DATA PROVIDED.
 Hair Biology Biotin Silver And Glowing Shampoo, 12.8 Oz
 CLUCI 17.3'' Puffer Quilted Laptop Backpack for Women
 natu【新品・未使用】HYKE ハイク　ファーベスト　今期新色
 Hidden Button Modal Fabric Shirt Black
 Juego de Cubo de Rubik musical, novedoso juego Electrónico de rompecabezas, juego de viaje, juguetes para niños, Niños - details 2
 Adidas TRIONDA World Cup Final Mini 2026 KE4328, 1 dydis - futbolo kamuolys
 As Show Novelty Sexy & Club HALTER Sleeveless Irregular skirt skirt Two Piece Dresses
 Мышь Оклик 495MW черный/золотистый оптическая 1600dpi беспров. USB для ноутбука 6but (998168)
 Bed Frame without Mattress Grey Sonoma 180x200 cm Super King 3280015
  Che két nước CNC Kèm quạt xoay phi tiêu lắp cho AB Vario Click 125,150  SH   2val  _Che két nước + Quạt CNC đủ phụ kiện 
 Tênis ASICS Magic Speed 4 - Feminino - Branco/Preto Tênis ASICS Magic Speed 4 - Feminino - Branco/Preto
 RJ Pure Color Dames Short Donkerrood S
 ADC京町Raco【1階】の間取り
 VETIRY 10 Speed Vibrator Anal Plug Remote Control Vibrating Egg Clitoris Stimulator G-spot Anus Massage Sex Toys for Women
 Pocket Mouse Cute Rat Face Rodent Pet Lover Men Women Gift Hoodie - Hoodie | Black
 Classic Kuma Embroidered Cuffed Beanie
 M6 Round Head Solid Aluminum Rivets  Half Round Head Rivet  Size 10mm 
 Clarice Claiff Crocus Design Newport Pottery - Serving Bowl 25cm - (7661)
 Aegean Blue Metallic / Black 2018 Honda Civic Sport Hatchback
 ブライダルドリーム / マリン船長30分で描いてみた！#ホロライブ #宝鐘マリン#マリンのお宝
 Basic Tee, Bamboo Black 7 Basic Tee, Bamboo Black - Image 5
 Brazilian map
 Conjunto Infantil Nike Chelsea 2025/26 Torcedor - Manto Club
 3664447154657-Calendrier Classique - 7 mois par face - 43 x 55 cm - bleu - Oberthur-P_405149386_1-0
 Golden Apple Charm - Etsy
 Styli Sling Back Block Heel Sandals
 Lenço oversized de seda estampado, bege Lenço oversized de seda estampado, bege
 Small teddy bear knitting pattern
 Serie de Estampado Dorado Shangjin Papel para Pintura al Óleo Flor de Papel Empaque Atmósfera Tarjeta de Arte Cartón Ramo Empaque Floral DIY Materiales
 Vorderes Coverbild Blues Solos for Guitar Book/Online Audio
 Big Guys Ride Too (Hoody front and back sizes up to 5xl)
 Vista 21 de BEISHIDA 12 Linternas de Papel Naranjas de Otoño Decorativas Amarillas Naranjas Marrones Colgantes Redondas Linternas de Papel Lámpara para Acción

PROMPT.
Nothing but the lines from the one that contains "Bed Frame without" through the last line of the entries should appear in your reply, each repeated exactly.

RESULT.
 Bed Frame without Mattress Grey Sonoma 180x200 cm Super King 3280015
  Che két nước CNC Kèm quạt xoay phi tiêu lắp cho AB Vario Click 125,150  SH   2val  _Che két nước + Quạt CNC đủ phụ kiện 
 Tênis ASICS Magic Speed 4 - Feminino - Branco/Preto Tênis ASICS Magic Speed 4 - Feminino - Branco/Preto
 RJ Pure Color Dames Short Donkerrood S
 ADC京町Raco【1階】の間取り
 VETIRY 10 Speed Vibrator Anal Plug Remote Control Vibrating Egg Clitoris Stimulator G-spot Anus Massage Sex Toys for Women
 Pocket Mouse Cute Rat Face Rodent Pet Lover Men Women Gift Hoodie - Hoodie | Black
 Classic Kuma Embroidered Cuffed Beanie
 M6 Round Head Solid Aluminum Rivets  Half Round Head Rivet  Size 10mm 
 Clarice Claiff Crocus Design Newport Pottery - Serving Bowl 25cm - (7661)
 Aegean Blue Metallic / Black 2018 Honda Civic Sport Hatchback
 ブライダルドリーム / マリン船長30分で描いてみた！#ホロライブ #宝鐘マリン#マリンのお宝
 Basic Tee, Bamboo Black 7 Basic Tee, Bamboo Black - Image 5
 Brazilian map
 Conjunto Infantil Nike Chelsea 2025/26 Torcedor - Manto Club
 3664447154657-Calendrier Classique - 7 mois par face - 43 x 55 cm - bleu - Oberthur-P_405149386_1-0
 Golden Apple Charm - Etsy
 Styli Sling Back Block Heel Sandals
 Lenço oversized de seda estampado, bege Lenço oversized de seda estampado, bege
 Small teddy bear knitting pattern
 Serie de Estampado Dorado Shangjin Papel para Pintura al Óleo Flor de Papel Empaque Atmósfera Tarjeta de Arte Cartón Ramo Empaque Floral DIY Materiales
 Vorderes Coverbild Blues Solos for Guitar Book/Online Audio
 Big Guys Ride Too (Hoody front and back sizes up to 5xl)
 Vista 21 de BEISHIDA 12 Linternas de Papel Naranjas de Otoño Decorativas Amarillas Naranjas Marrones Colgantes Redondas Linternas de Papel Lámpara para Acción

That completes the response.